Universal law of Gravitation

The universal law of gravitation was given by Newton. So, it is also known as Newton’s law of gravitation. According to universal law of gravitation:- Every body in the universe attracts every other body with a force which is directly proportional to the product of their masses and inversely proportional to the square of the distance between them. The force is along the line joining the centres of two objects.

Let two objects A and B of masses M and m lie at a distance d from each other. Let the force of attraction between two objects be F. According to the universal law of gravitation, the force between two objects is directly proportional to the product of their masses. That is,

F ∝ M × m…………………………………………………(1)

And the force between two objects is inversely proportional to the square of the distance between them, that is,

F ∝ 1/d²…………………………………………………………(2)

From equation 1 and 2, we get

F ∝ M × m/d²

F = G M × m/d²

where G is the constant of proportionality and is called the universal gravitation constant.

F × d² = G M × m

G = F d²/M × m

The SI unit of G is N m² kg^-2.

The value of G was found out by Henry Cavendish (1731-1810) by using a sensitive balance. The accepted value of G is 6.673 × 10^-11 N m² kg^-2.

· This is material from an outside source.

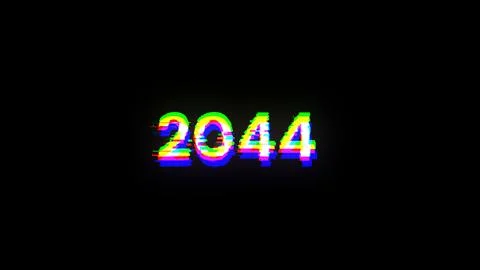 3D rendering 2044 text with screen effects of technological glitches Stock Illustration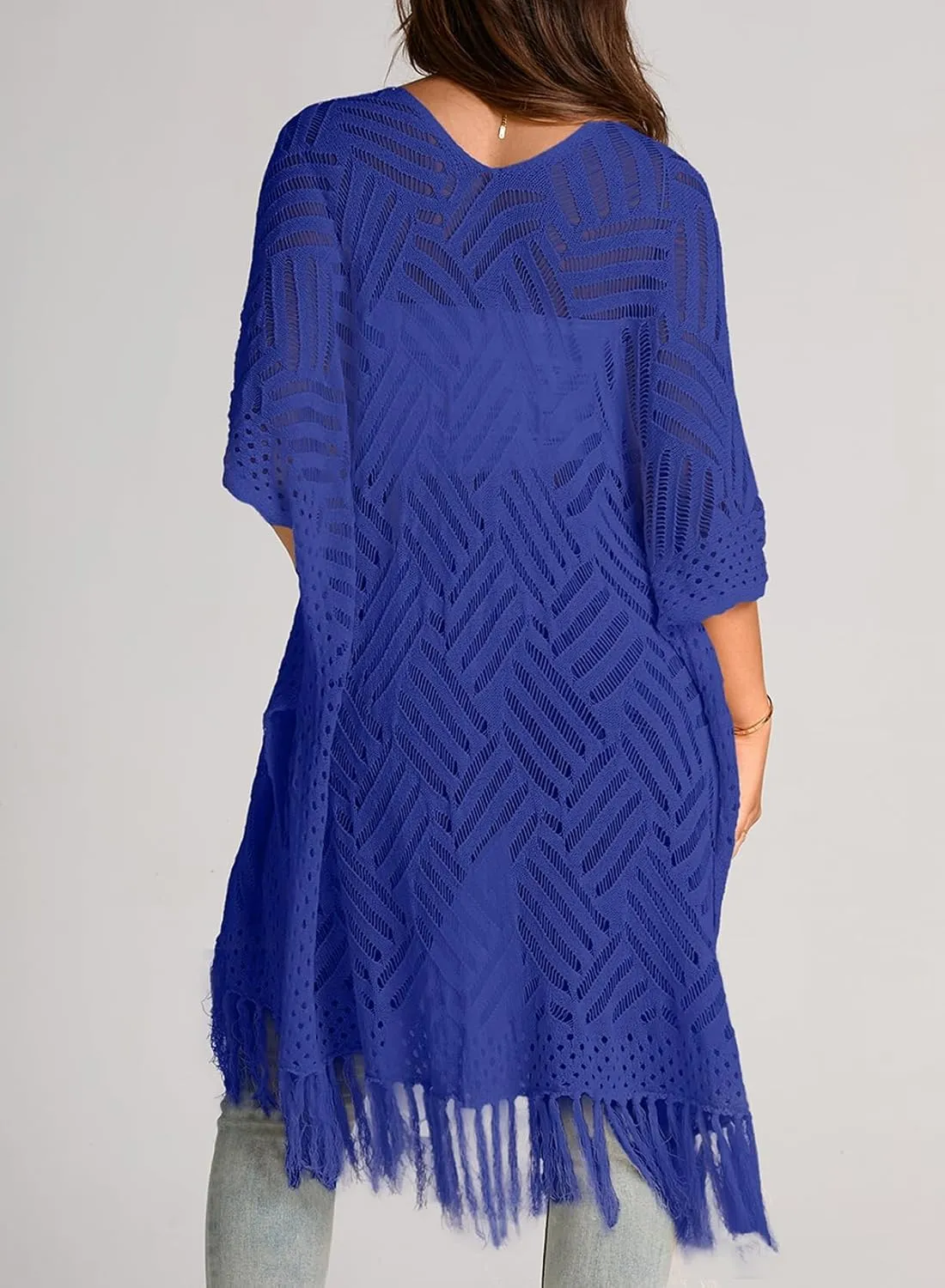 Sidefeel Women's Open Front Knit Sheer Cardigans Summer Boho Lightweight Kimono Cover Ups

Example:- The mass of the earth is 6 × 10²⁴ kg and that of the moon is 7.4 × 10²² kg. If the distance between the earth and the moon is 3.84 × 10⁵ km, calculate the force exerted by the earth on the moon. G = 6.7 × 10^-11 N m² kg^-2.

Sol:- The mass of the earth (M) = 6 × 10²⁴ kg

The mass of the moon (m) = 7.4 × 10²² kg

The distance between the earth and the moon (d) = 3.84 × 10⁵km

= 3.84 × 10⁵ × 1000 m

= 3.84 × 10⁸ m

G = 6.7 × 10^-11 N m² kg^-2

F = G M × m/d²

F = 6.7 × 10^-11 × 6 × 10²⁴ × 7.4 × 10²²/ (3.84 × 10⁸)²

F = 2.01 × 10²⁰ N

Thus, the force exerted by the earth on the moon is 2.01 × 10²⁰N.